As far as growing with the characters, sure the characters grew since the pilot but when you have 176 episodes what do you expect.
DS9 is the only Trek show that really has this, or at least it has much, much more of it than the other shows. It's hardly something that can be understood as a given.
DS9's writers were actually really good at building characters, challenging them, and tying together disparate plot threads in ways that were essentially character-driven.
The show compares favorably, in that regard, not just to other Trek shows, but to other shows in the genre, and even outside of it.
Where serial story-telling is concerned, DS9 is pretty amateurish. It's better than other Trek shows, and it's good that the arc episodes are there, but there isn't really much of it, and what's there is far from perfect. DS9's strengths are really world and character building.

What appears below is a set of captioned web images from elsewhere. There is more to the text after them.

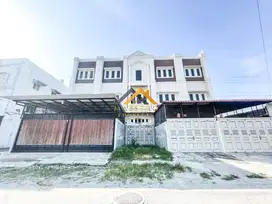 Dijual Ruko 3 Tingkat di Jalan Setia Jadi (Daerah Krakatau) Medan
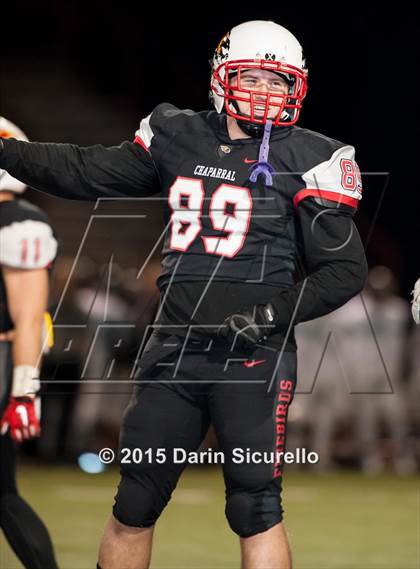 Thumbnail 3 in Highland @ Chaparral (AIA D1 1st Round) photogallery.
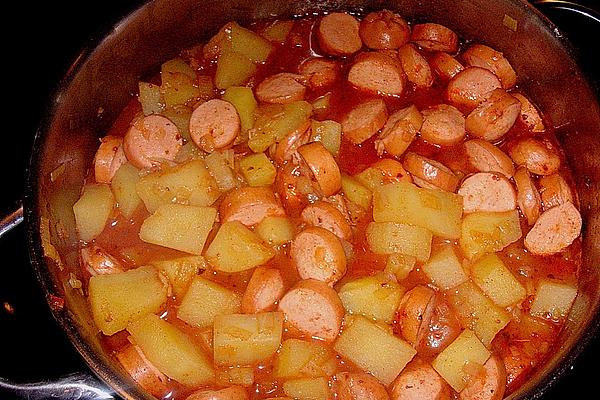 Potato Goulash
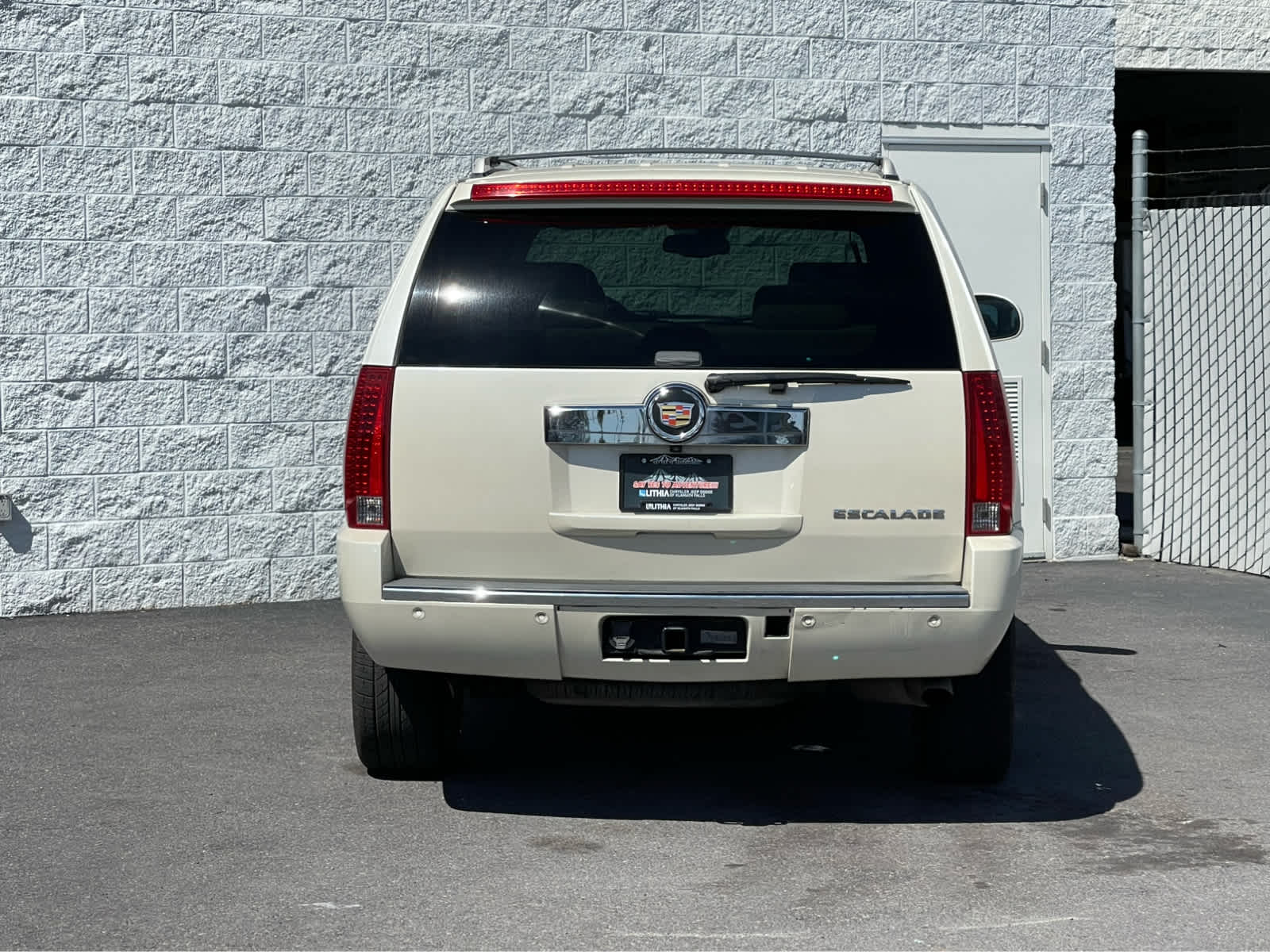Thumbnail: 2008 Cadillac Escalade - 6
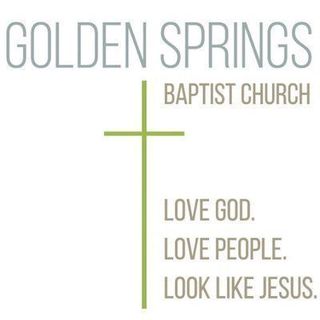 Golden Springs Baptist Church Anniston, Alabama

Not all of the characters have Kira, Odo, or Nog-like arcs, but they are all affected by the journey in one way or another. Quark is a good example of that. In a sense, his journey is "staying the same," i.e. not being assimilated, not going soft as he puts it, or not completely. So Quark and his bar end up almost like the station itself: the main stable element. But the Quark of
WYLB is not the Quark of
Emissary. The difference is just more subtle than wth, say, Nog.
Why? Because Quark has had his initial views and values challenged in a hundred different ways since the pilot. He still has them, but he understands them differently because of those experiences. One could say the same thing about how DS9 challenged some of Trek's core ideas: they survive, and in a sense they are stronger at the end of the show than before. But we understand them differently.